In [100]: left = pd.DataFrame({'A': ['A0', 'A1', 'A2'],
   .....:                      'B': ['B0', 'B1', 'B2']},
   .....:                       index=index)

In [101]: result = pd.merge(left.reset_index(), right.reset_index(),
   .....:                   on=['key'], how='inner').set_index(['key','X','Y'])


Merging on a combination of columns and index levels

New in version 0.22.

Strings passed as the on, left_on, and right_on parameters may refer to either column names or index level names. This enables merging DataFrame instances on a combination of index levels and columns without resetting indexes.

In [102]: left_index = pd.Index(['K0', 'K0', 'K1', 'K2'], name='key1')

In [103]: left = pd.DataFrame({'A': ['A0', 'A1', 'A2', 'A3'],
   .....:                      'B': ['B0', 'B1', 'B2', 'B3'],
   .....:                      'key2': ['K0', 'K1', 'K0', 'K1']},
   .....:                     index=left_index)

In [104]: right_index = pd.Index(['K0', 'K1', 'K2', 'K2'], name='key1')

In [105]: right = pd.DataFrame({'C': ['C0', 'C1', 'C2', 'C3'],
   .....:                       'D': ['D0', 'D1', 'D2', 'D3'],
   .....:                       'key2': ['K0', 'K0', 'K0', 'K1']},
   .....:                      index=right_index)
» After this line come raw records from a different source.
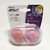 Chupete 0-6m Avent Ultra Air liso rosa - comprar online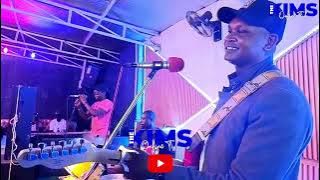 KANA NICKO KING OF RHUMBA LIVE PERFORMANCE ONE HOUR NON STOP YOU WILL LOVE IT CAPTAINS LOUNGE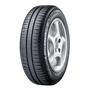 Llanta Michelin Energy Xm2+ (3-rib) 155/70r13 75t Sl Bsw 420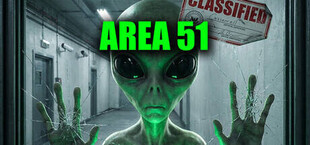 AREA 51
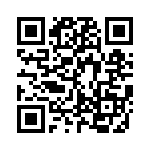 MKJ0A6W9-19SX QRCode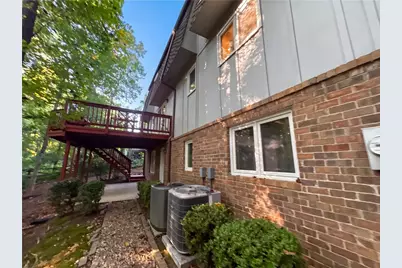 744 Fairfield Drive, Marietta, GA 30068 - Photo 38
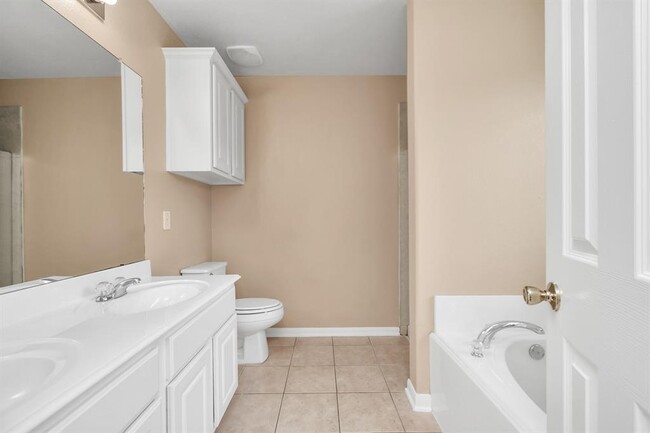 Building Photo - 12818 Candlewood Glen Ln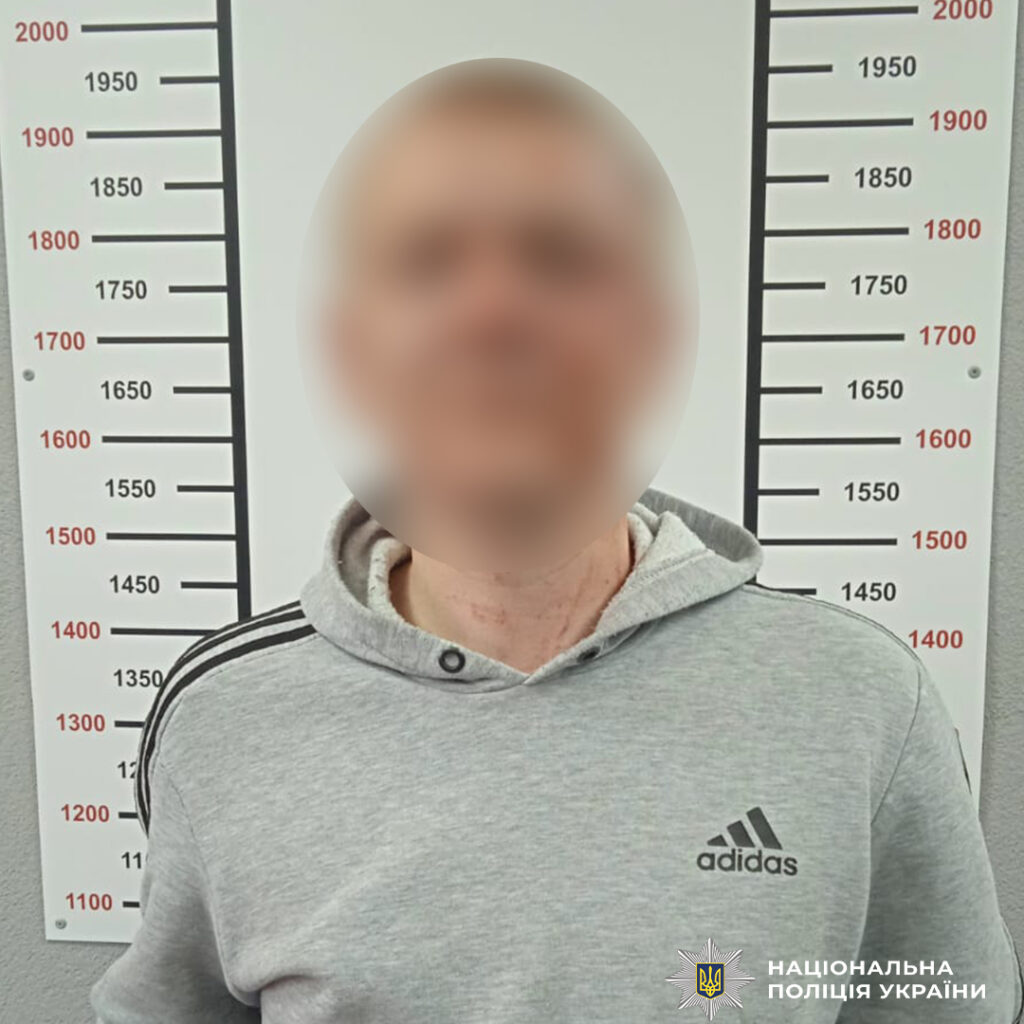 Одного вбив, а інший у реанімації: вуличний конфлік у Бориславі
In [106]: result = left.merge(right, on=['key1', 'key2'])



When DataFrames are merged on a string that matches an index level in both frames, the index level is preserved as an index level in the resulting DataFrame.


If a string matches both a column name and an index level name, then a warning is issued and the column takes precedence. This will result in an ambiguity error in a future version.

Overlapping value columns

The merge suffixes argument takes a tuple of list of strings to append to overlapping column names in the input DataFrames to disambiguate the result columns:

In [107]: left = pd.DataFrame({'k': ['K0', 'K1', 'K2'], 'v': [1, 2, 3]})

In [108]: right = pd.DataFrame({'k': ['K0', 'K0', 'K3'], 'v': [4, 5, 6]})

In [109]: result = pd.merge(left, right, on='k')

In [110]: result = pd.merge(left, right, on='k', suffixes=['_l', '_r'])


DataFrame.join() has lsuffix and rsuffix arguments which behave similarly.

In [111]: left = left.set_index('k')

In [112]: right = right.set_index('k')

In [113]: result = left.join(right, lsuffix='_l', rsuffix='_r')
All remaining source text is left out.